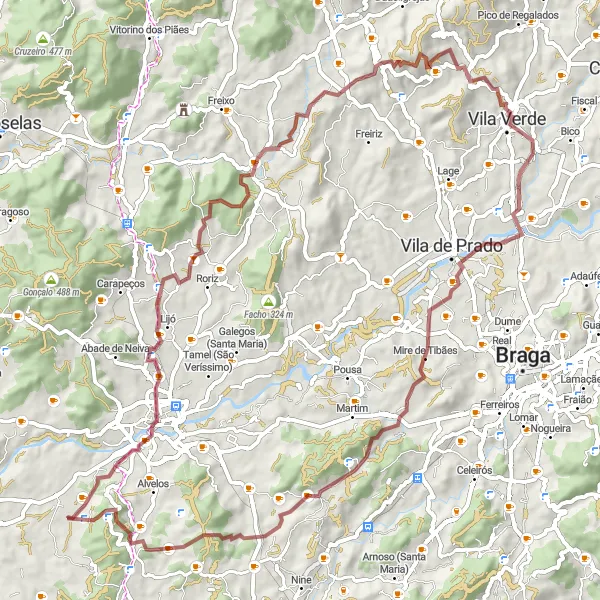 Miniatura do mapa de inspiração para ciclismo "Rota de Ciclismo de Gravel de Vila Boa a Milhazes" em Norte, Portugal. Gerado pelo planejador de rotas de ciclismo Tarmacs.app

··········

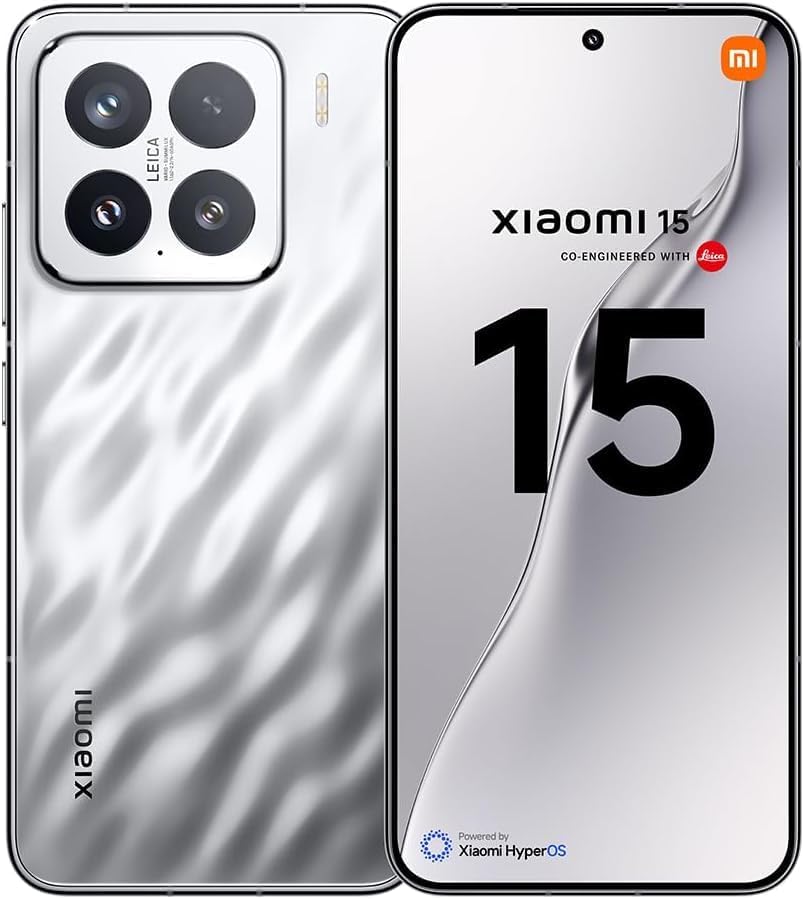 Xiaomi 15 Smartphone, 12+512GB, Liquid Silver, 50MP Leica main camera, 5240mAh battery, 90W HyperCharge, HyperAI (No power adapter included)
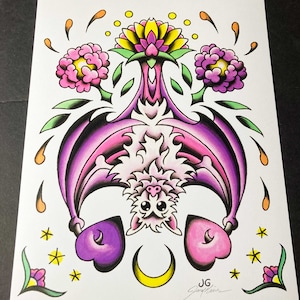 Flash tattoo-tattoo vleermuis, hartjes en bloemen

··········

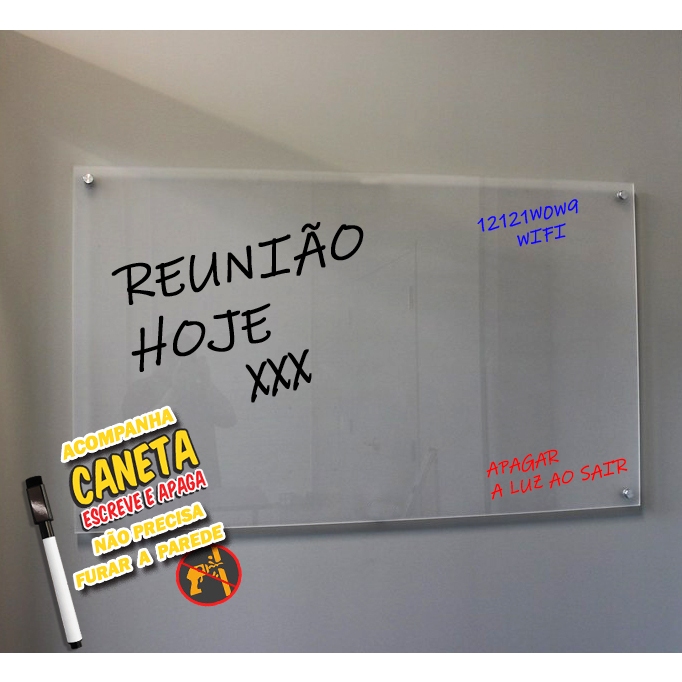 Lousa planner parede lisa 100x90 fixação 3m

··········

* What is needed *
In the records above, find the line with "Xiaomi 15 Smartphone, 12+512GB, Liquid". Print exactly from there through the line with "Flash tattoo-tattoo vleermuis, hartjes", minus the pictures.

* Task answer *
 Xiaomi 15 Smartphone, 12+512GB, Liquid Silver, 50MP Leica main camera, 5240mAh battery, 90W HyperCharge, HyperAI (No power adapter included)
 Flash tattoo-tattoo vleermuis, hartjes en bloemen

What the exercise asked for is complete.